WORK REQUIRED
Copy the data verbatim and leave out every picture.

DATASET SECTION: Begin

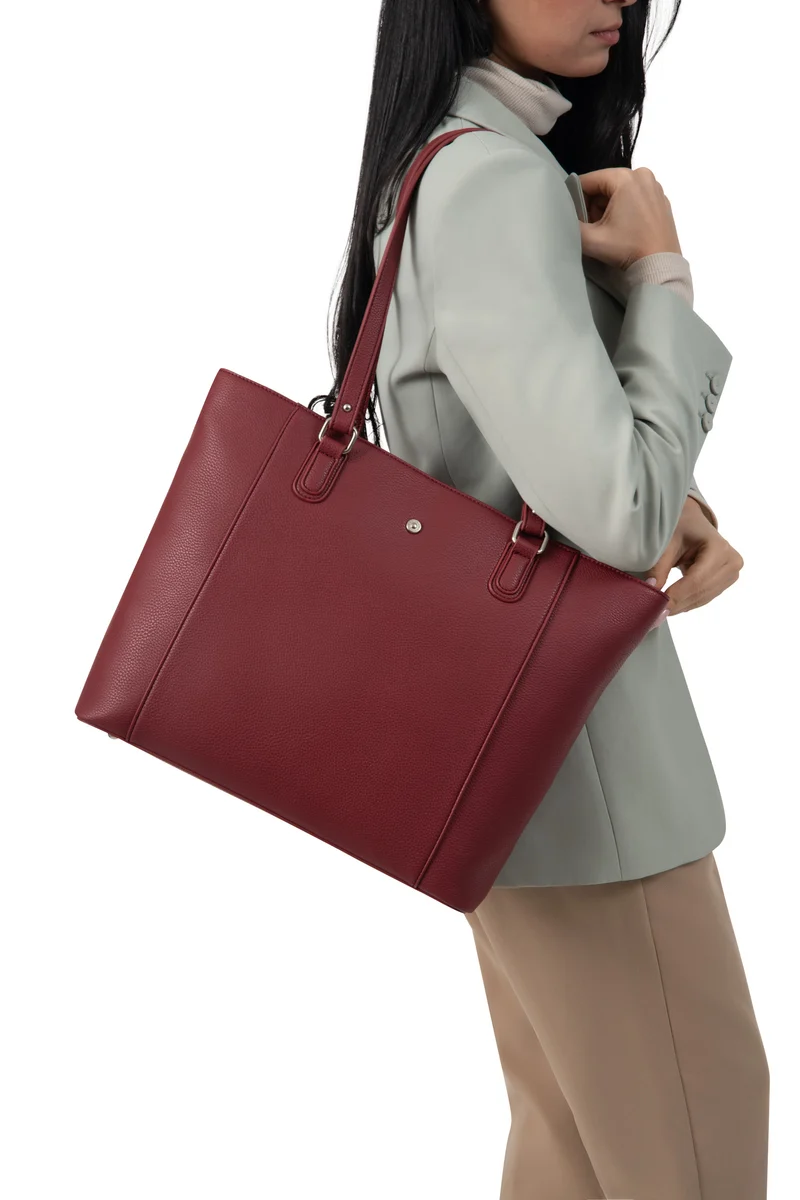 Sac cabas porté épaule - A4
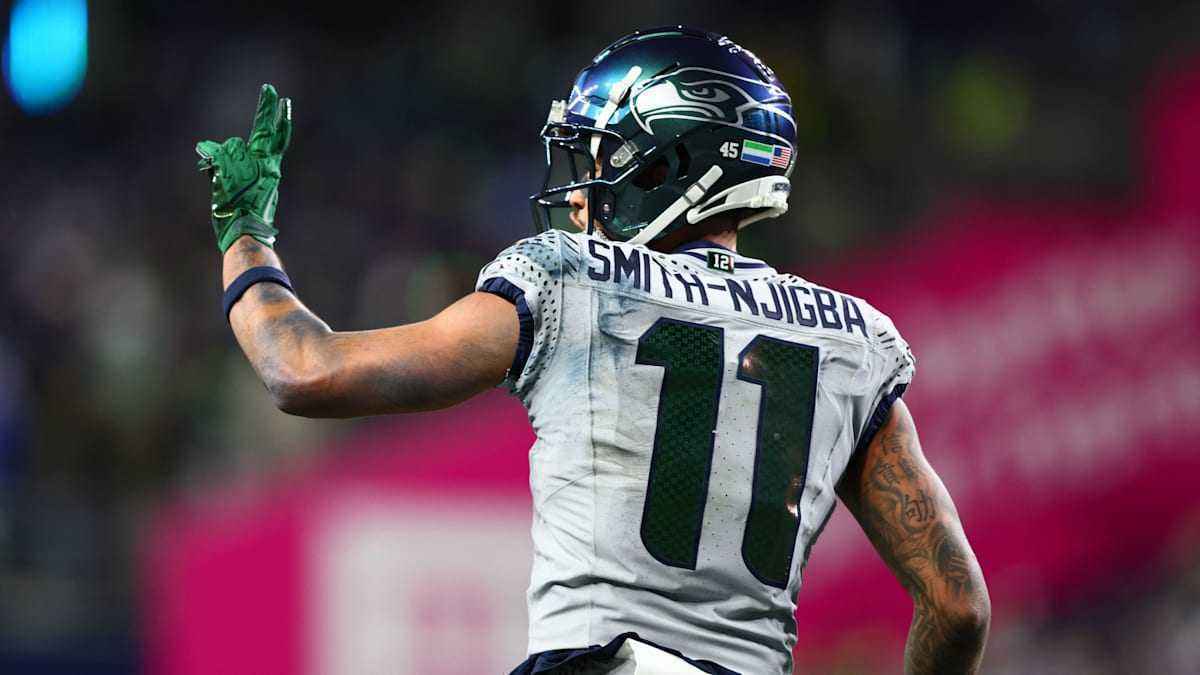 Seahawks im nfl draft 2026: so viel spielraum für die talente!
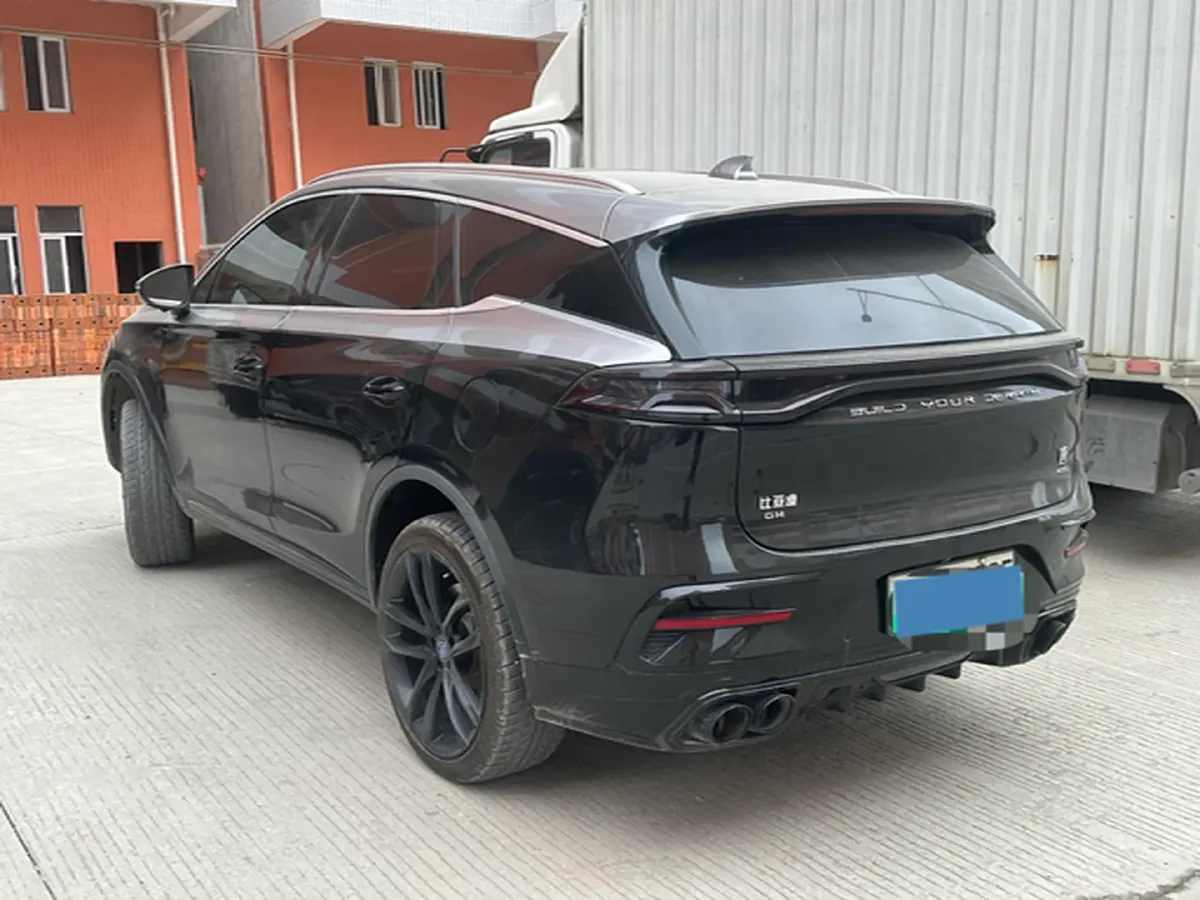 2021 BYD Tang 2.0T 192HP L4 6DCT PHEV 22.3KWH,autocango,china used car exporter,china ev exporter,chinese used car exporter,chinese used ev exporter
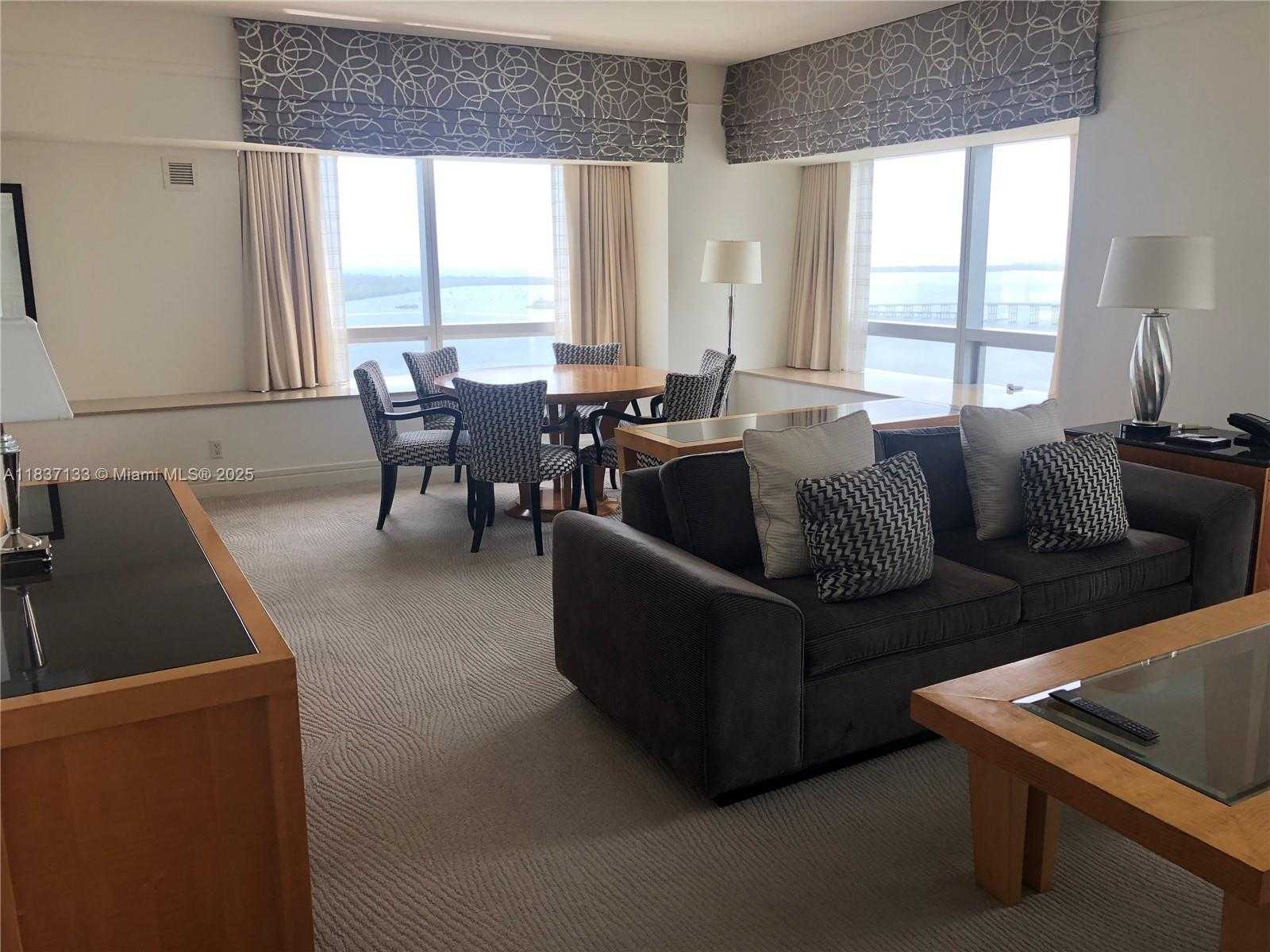 Small Image of 1435 BRICKELL AVE #3106, Miami Number 13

DATASET SECTION: End

ANSWER AREA
 Sac cabas porté épaule - A4
 Seahawks im nfl draft 2026: so viel spielraum für die talente!
 2021 BYD Tang 2.0T 192HP L4 6DCT PHEV 22.3KWH,autocango,china used car exporter,china ev exporter,chinese used car exporter,chinese used ev exporter
 Small Image of 1435 BRICKELL AVE #3106, Miami Number 13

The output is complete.